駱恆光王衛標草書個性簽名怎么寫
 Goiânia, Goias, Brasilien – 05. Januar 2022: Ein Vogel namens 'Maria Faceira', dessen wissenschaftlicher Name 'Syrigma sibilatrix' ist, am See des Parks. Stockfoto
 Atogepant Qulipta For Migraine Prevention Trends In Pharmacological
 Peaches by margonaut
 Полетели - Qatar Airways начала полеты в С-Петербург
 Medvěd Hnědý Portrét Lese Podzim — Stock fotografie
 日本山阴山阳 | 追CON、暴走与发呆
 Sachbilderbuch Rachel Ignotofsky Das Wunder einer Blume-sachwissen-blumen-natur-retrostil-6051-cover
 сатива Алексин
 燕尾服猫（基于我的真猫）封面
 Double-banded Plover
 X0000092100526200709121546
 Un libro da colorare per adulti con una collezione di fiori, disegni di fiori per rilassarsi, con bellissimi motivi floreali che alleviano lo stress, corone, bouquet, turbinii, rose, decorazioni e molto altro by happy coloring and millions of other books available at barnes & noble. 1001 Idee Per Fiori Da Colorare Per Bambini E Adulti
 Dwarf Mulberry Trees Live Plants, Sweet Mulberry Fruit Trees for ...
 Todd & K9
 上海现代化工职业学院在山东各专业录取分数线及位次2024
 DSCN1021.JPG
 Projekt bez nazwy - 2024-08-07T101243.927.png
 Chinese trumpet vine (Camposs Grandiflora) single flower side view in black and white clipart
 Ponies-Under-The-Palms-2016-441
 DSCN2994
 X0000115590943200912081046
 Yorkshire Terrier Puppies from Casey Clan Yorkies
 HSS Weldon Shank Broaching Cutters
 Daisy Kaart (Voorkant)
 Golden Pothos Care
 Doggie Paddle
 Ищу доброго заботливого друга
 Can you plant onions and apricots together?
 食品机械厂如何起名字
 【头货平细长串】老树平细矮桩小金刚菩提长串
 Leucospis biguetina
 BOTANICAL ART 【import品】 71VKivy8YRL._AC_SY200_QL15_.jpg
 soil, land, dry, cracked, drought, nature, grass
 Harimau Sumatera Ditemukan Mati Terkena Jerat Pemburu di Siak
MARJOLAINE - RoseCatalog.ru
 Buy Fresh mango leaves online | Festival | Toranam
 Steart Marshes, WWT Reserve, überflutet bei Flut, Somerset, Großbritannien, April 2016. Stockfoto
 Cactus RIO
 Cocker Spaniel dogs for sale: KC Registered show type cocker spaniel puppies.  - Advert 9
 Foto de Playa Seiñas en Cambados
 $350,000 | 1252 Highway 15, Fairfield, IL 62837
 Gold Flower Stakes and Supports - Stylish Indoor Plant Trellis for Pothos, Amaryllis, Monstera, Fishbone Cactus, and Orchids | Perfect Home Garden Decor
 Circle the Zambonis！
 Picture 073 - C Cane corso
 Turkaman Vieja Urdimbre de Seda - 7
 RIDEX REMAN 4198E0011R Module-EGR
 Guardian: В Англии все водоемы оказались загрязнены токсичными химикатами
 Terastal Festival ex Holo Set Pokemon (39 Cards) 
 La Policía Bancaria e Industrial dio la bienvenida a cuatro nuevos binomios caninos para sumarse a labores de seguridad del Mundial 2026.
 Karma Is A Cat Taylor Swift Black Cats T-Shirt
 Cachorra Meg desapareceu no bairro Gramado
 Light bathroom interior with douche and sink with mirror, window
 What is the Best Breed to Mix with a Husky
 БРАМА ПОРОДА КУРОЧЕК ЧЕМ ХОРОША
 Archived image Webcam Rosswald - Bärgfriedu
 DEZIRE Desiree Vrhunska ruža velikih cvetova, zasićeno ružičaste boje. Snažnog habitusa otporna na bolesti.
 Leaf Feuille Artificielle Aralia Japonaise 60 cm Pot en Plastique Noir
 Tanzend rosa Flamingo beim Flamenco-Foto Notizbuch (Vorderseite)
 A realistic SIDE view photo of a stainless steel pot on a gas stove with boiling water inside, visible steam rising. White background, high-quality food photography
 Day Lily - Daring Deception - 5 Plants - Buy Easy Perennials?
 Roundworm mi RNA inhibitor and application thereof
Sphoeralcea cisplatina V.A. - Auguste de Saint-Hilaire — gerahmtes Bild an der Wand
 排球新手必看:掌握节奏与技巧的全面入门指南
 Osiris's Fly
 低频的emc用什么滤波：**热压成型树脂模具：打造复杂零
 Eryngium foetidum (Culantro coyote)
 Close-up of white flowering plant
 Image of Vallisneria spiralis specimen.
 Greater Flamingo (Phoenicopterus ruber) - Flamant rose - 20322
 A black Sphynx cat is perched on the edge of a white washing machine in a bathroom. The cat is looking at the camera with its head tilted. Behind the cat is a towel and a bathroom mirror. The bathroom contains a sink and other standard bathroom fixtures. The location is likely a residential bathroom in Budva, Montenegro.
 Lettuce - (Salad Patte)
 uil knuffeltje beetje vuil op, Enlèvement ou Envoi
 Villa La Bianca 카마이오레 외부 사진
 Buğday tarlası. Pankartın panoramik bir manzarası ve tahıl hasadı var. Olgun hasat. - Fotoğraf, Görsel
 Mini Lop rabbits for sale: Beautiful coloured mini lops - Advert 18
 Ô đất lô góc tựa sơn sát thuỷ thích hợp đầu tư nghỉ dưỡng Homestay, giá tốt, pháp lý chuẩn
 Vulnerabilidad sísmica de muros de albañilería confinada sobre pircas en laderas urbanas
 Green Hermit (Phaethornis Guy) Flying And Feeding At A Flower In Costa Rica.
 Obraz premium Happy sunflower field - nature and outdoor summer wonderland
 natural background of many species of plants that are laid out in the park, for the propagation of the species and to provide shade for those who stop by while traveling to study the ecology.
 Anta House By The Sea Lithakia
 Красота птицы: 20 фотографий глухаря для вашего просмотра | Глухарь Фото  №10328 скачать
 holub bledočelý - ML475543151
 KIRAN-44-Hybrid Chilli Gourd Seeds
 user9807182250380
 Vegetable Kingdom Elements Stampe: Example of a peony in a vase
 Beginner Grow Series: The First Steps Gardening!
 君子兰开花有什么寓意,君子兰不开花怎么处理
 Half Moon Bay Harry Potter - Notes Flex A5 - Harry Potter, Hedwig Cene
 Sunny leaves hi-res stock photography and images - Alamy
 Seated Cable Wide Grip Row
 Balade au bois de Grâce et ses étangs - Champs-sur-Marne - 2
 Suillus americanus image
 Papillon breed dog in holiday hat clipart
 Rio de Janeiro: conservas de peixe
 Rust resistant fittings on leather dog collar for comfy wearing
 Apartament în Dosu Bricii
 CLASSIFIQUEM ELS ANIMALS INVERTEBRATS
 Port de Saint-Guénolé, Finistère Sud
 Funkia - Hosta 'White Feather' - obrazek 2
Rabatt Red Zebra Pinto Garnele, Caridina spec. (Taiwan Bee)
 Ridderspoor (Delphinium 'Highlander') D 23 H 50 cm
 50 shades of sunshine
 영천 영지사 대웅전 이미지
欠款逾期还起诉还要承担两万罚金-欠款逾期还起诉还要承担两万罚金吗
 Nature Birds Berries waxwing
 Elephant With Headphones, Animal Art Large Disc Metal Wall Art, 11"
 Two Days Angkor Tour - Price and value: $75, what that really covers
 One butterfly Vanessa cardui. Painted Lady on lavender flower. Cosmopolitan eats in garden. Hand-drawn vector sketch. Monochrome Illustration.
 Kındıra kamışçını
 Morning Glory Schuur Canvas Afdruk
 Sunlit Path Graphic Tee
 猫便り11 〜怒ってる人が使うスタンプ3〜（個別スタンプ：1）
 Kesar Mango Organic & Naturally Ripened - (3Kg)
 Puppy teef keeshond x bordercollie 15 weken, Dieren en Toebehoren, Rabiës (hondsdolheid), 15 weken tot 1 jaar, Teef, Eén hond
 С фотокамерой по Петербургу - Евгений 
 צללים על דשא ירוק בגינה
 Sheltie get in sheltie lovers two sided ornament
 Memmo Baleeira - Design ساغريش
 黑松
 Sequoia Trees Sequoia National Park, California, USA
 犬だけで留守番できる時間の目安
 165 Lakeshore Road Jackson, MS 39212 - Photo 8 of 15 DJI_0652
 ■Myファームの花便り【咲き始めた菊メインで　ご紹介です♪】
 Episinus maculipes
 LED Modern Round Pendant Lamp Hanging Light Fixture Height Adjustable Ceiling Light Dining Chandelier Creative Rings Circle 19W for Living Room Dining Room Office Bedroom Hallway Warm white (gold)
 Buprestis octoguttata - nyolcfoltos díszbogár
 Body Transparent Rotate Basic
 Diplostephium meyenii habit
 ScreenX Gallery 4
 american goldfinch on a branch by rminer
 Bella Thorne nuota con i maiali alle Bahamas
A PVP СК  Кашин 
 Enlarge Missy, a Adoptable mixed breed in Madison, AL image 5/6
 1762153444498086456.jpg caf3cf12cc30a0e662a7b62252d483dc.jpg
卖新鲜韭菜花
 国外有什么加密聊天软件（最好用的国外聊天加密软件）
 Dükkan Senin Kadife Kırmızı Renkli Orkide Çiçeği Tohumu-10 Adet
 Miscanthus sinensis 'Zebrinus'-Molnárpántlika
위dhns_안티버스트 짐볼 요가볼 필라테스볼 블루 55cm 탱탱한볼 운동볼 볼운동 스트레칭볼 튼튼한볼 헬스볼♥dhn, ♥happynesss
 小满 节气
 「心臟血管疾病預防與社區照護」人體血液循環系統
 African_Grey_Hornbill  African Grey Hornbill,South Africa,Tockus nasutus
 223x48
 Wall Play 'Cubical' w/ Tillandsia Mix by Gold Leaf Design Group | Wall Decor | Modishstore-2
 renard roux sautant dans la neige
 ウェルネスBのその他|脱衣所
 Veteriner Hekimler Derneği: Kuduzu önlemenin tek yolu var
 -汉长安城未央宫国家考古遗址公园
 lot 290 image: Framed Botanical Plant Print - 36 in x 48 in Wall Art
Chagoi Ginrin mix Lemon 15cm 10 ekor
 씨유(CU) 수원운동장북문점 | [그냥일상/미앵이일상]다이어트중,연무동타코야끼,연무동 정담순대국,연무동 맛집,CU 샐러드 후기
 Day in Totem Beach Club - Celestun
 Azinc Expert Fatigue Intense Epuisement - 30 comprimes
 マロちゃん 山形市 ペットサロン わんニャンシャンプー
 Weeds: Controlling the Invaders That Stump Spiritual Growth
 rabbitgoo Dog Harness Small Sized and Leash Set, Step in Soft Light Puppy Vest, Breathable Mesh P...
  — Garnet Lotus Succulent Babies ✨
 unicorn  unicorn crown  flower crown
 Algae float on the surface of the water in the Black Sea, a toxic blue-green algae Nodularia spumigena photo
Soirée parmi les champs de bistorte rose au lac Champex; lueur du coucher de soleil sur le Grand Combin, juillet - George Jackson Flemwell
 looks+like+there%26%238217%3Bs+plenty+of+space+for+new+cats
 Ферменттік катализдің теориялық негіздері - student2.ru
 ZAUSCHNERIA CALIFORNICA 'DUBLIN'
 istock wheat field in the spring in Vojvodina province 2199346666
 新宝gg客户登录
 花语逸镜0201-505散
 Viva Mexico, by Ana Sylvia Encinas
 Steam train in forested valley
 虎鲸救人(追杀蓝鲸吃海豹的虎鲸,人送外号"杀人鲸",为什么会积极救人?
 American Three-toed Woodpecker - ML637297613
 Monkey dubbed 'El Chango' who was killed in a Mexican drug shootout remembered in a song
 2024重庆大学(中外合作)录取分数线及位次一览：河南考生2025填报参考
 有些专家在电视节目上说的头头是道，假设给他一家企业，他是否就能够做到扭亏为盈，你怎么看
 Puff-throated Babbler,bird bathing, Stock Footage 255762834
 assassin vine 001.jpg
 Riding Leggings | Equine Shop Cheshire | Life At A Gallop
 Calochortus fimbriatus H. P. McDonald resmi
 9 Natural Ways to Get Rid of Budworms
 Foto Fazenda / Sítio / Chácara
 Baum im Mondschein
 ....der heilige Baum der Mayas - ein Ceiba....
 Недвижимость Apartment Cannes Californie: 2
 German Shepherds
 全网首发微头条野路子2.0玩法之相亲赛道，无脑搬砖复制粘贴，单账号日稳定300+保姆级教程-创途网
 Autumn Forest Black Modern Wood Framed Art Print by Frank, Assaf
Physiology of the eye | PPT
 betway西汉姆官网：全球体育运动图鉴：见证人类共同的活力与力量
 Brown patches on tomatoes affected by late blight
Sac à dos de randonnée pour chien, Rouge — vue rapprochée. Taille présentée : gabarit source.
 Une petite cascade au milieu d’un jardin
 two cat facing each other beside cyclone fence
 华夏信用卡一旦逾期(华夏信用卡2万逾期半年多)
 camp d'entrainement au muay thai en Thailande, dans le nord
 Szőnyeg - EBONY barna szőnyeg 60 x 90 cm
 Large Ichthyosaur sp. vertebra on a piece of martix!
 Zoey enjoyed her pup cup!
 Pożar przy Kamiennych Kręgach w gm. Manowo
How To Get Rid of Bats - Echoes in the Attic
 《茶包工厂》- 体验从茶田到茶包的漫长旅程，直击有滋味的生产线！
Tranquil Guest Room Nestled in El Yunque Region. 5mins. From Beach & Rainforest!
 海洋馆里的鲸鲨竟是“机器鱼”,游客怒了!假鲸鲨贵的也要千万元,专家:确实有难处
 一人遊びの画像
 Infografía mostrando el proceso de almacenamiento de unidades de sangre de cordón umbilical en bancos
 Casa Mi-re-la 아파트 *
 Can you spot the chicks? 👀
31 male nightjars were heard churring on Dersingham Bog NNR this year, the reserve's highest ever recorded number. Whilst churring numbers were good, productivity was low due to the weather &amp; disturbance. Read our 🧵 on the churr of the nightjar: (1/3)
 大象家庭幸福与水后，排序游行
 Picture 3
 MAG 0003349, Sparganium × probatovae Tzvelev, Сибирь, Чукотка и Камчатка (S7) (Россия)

ASSIGNMENT:
Looking back over the data above, restate word for word the lines that begin at the line with "Osiris's Fly" and end at the line with "uil knuffeltje beetje", inclusive.

WRITTEN SOLUTION:
 Osiris's Fly
 低频的emc用什么滤波：**热压成型树脂模具：打造复杂零
 Eryngium foetidum (Culantro coyote)
 Close-up of white flowering plant
 Image of Vallisneria spiralis specimen.
 Greater Flamingo (Phoenicopterus ruber) - Flamant rose - 20322
 A black Sphynx cat is perched on the edge of a white washing machine in a bathroom. The cat is looking at the camera with its head tilted. Behind the cat is a towel and a bathroom mirror. The bathroom contains a sink and other standard bathroom fixtures. The location is likely a residential bathroom in Budva, Montenegro.
 Lettuce - (Salad Patte)
 uil knuffeltje beetje vuil op, Enlèvement ou Envoi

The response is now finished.